Grieco: It’s important then to ask, why are we not learning the kind of lessons Max is talking about? I think it's partly because the American bias is to focus on particular systems. We saw this in the debate about Ukraine, about whether we should send HIMARS or ATACMs or F-16s. We focus on very specific platforms. People are very fixated, for example, on small drones. Small drones may be relevant in theaters like Europe, but in the Indo-Pacific, they may be less relevant because you're going to need things with longer range. The broader lesson is more about how do you contest airspace, the need for mass, the need to be able to adapt quickly to an EW [electronic warfare] environment – moving away from the fixation on particular platforms, to the broader lessons about the challenges the battlefield is posing.
The Cipher Brief: What change do you think is needed to deal with some of these problems?
Col. Bremer: One of the biggest challenges is getting to the point to say we actually have to have a problem and do things differently. Typically, militaries only make radical change after a defeat. So the first thing is to acknowledge the need for a change.
And the second is, can I imagine what the future of combat will look like? I can't do analysis on the future. I can't do a regression and say this is exactly what it's going to look like. As soon as we start to change something, adversaries will also change. So we need to change our processes to be adaptive in real time to what's going on in other areas, both economically and in other military areas, so that we can create challenges for our adversaries instead of just trying to close our own challenges.

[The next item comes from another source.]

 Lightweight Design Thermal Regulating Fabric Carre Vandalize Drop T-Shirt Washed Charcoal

Grieco: There are lots of good ideas out there about how to fix procurement and make processes faster and more flexible. But I would say the more fundamental issue that the Pentagon needs to tackle is how it thinks about risk. It thinks about risk in terms of trying to eliminate it, minimize it, but doesn't seem to recognize that risk is going to be there. And we're actually creating risks for ourselves by doing the same thing the same way, and hoping that it will work again.

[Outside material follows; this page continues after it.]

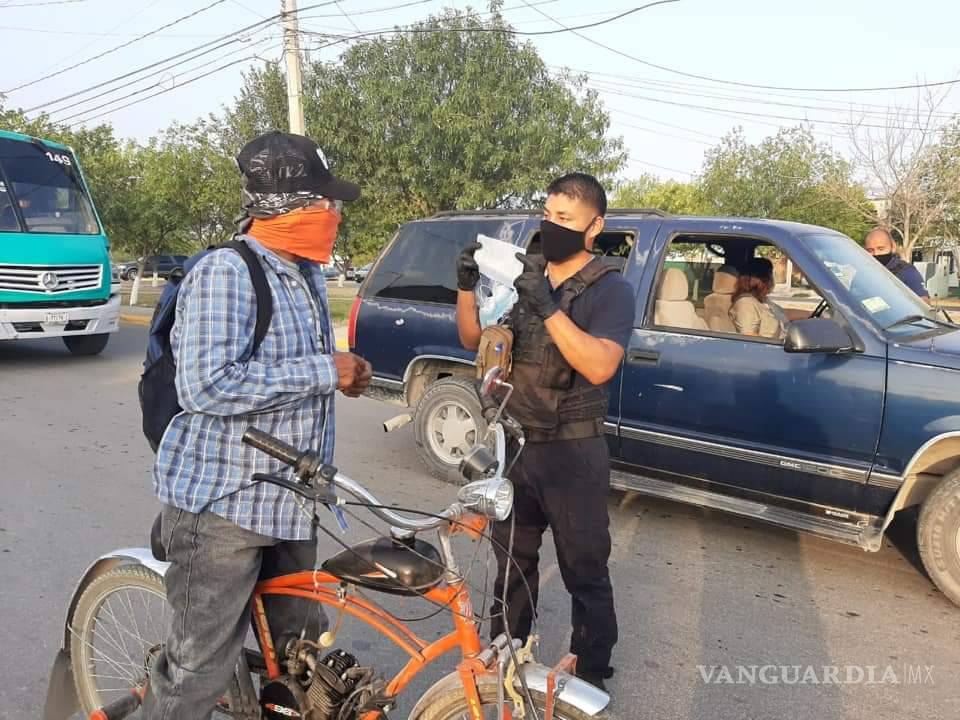 $!Refuerzan operativos para bajar la movilidad por COVID-19 en Acuña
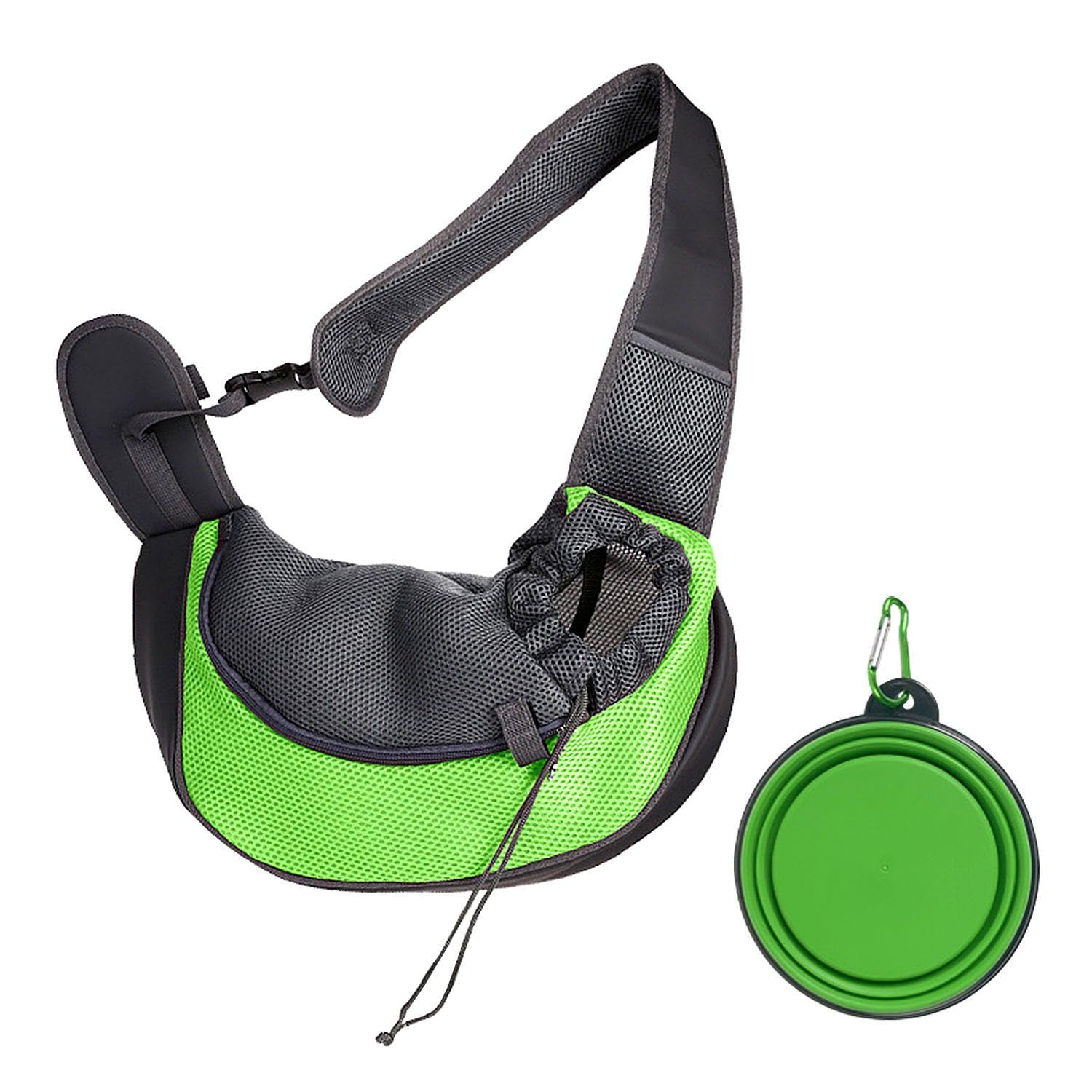 1 Piece Of Pet Bag, 1 Pet Folding Bowl, Pet Supplies, One-Shoulder Pet Backpack, Dog Travel Bag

We need to acknowledge that we are facing adversaries that are adaptive and creative. American ingenuity has always been one of our core strengths. So really thinking about how we can marshal these new technologies to our advantage, not seeing them as disrupting our preferred way of doing, but how could we actually marshal these and make them to our advantage? And to create a really challenging problem set so that, whether it's Russia or China, an adversary doesn't actually want to start a war because they're likely to lose?

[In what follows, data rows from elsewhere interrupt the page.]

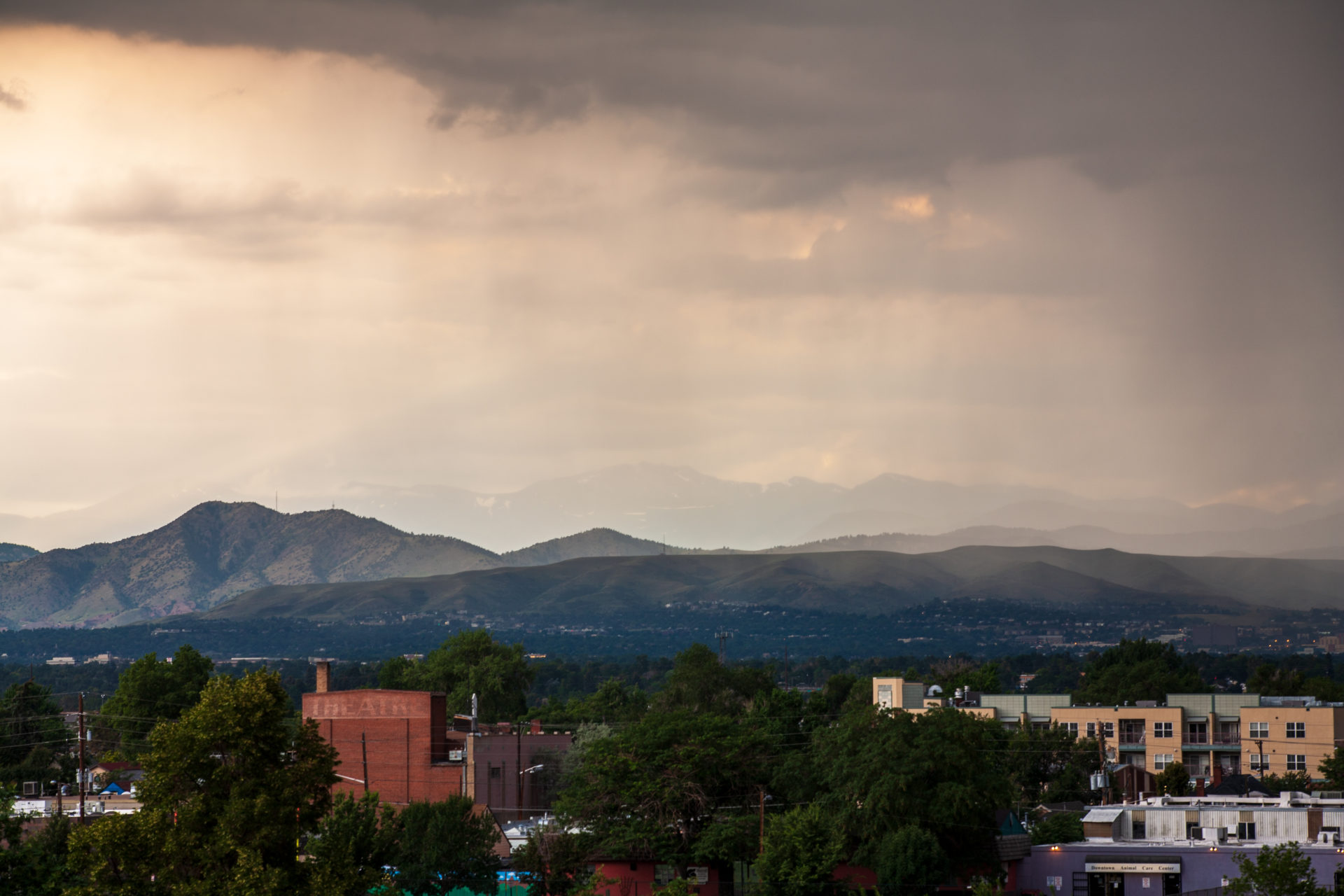 Mount Evans afternoon storm - July 27, 2011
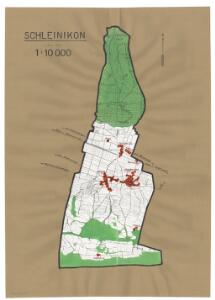 Schleinikon: Definition der Siedlungen für die eidgenössische Volkszählung am 01.12.1950; Siedlungskarte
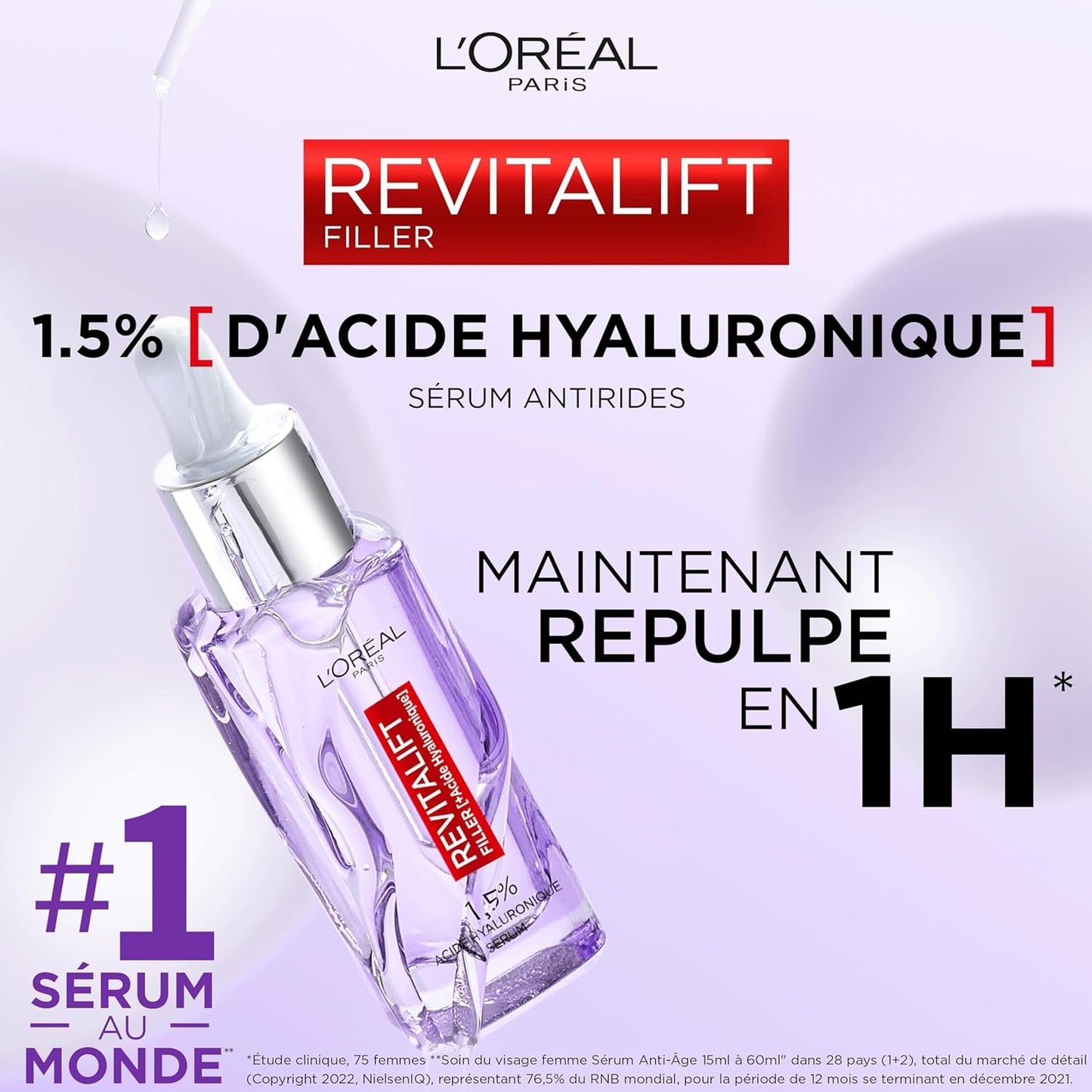 #Sérum antirides de L’oreal Paris No1 dans le monde💯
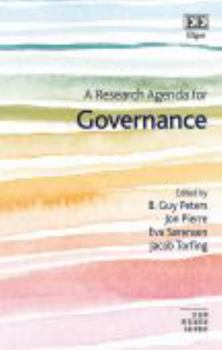 Paperback A Research Agenda for Governance (Elgar Research Agendas) Book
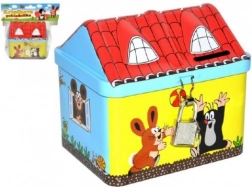 Pokladnička Krtek domeček se zámkem
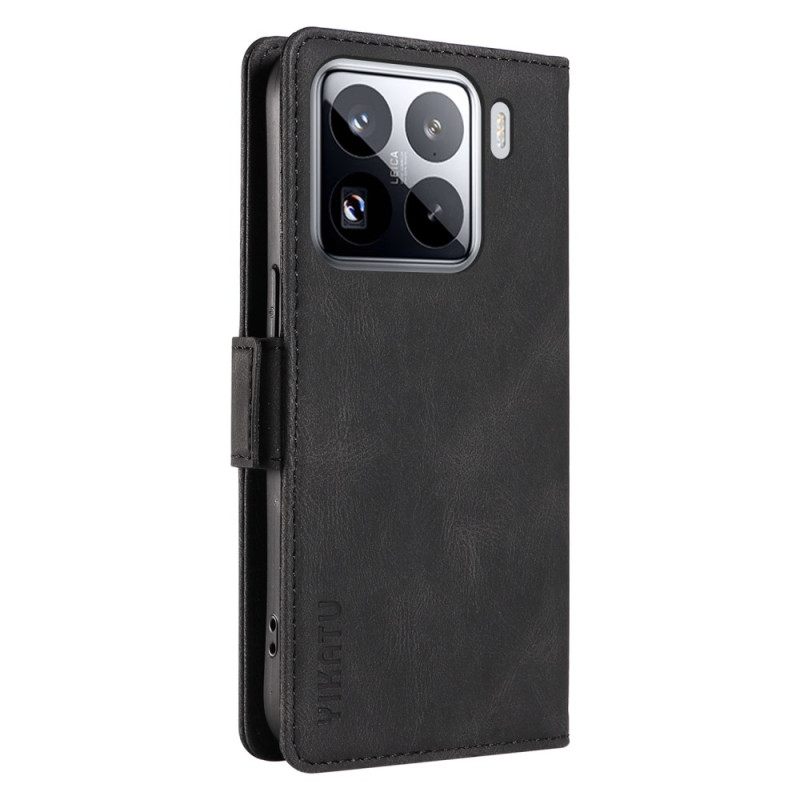 Δερματινη Θηκη Xiaomi 15 Pro Εφέ Σουέτ Yikatu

Col. Bremer: Our procurement system is designed to minimize procurement risk. That's because when you're buying a platform that's going to fly for the next 50 years, you have to do that. You can't fail at that. But when you're buying platforms that are designed to fly for the next year and then they're obsolete, you can't afford to spend five years de-risking that procurement process. And so as we pivot away from procuring platforms to procuring systems and then procuring capabilities, we have to look at what things do we treat like a disposable item, even if it's not a weapon, and what things do we treat like a long-term capital investment?
And our procurement system, as well as our requirement system, needs to acknowledge that we don't know what the future looks like. So we need to take a lot of bets on a lot of different things – stuff that's not going to be around or useful in five years, instead of throwing it away and saying we're not going to buy it at all, we say how do we buy that for a year and then turn it to the hands of the war fighters to use it and see how well it works, while we're buying the next great thing that they will then be able to use. And then we have to do that at scale.